Question

I call sum(5);

public static int sum(int n){
if(n<2)
return 0;
else
return sum(n-1)+2*n;
}


I know 28 is returned.
The first thing that happens is sum(5-1) + 2*n
2*n is left over for later, right? I'm not sure, but I know that n equals 4 now.
sum(4-1) and now n=3
sum(3-1) and now n = 2
sum (2-1) and now n = 1 and we go to the base case.
The base case returns 0, so go back to sum(2)+2*n and plug in 0 for n, which is 2.
Now go to sum(3) + 2 * n, plug in 2 for n. We get 7.
Now go to sum(4) + 2 * n, plus in 7 for n. We get 18.

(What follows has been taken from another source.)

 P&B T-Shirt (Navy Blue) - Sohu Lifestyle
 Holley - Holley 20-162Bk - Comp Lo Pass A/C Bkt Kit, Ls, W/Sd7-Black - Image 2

I am off by 10. How do I do this properly?

Answer 1

@pre-algebra If you're still here

Answer 2

Sum(5)
= Sum(4) + 2^5
= Sum(3) + 2^4 + 2^5
= Sum(2) + 2^3 + 2^4 + 2^5
= Sum(1) + 2^2 + 2^3 + 2^4 + 2^5
= 0 + 4 + 8 + 16 + 32
= 60

Answer 3

What? It supposed to be 28

Answer 4

the first one already 2^5 = 32

Answer 5

You have the function:

public static int sum(int n)
{
if (n < 2)
return 0;
else
return sum(n - 1) + 2 * n;
}

If you call sum(5), this is what happens:

1. sum(4) + 2 * 5 is computed.
2. sum(3) + 2 * 4 is computed.
3. sum(2) + 2 * 3 is computed.
4. sum(1) + 2 * 2 is computed.
5. 0 is returned.
6. 0 + 2 * 2 (4) is returned.
7. 4 + 2 * 3 (10) is returned.
8. 10 + 2 * 4 (18) is returned.
9. 18 + 2 * 5 (28) is returned.
10. The recursion terminates, and 28 is returned.

Answer 6

Mathematically, this function can be represented as\[2\sum_{i=2}^{n}i=n(n+1)-2.\]

Answer 7

This is why mathematics is so beautiful: This particular problem can have three different implementations:

// mathematical version
int sum(int n)
{
return n * (n + 1) - 2;
}

// iterative version
int sum(int n)
{
int sum = 0;
for (int i = 2; i <= n; i++)
sum += i;
return 2 * sum;
}

// recursive version
int sum(int n)
{
if (n < 2)
return 0;
else
return sum(n - 1) + 2 * n;
}

You be the judge!

Answer 8

@pre-algebra Wow, you are real genius mind! I wish I had that fantastic machine in mine :)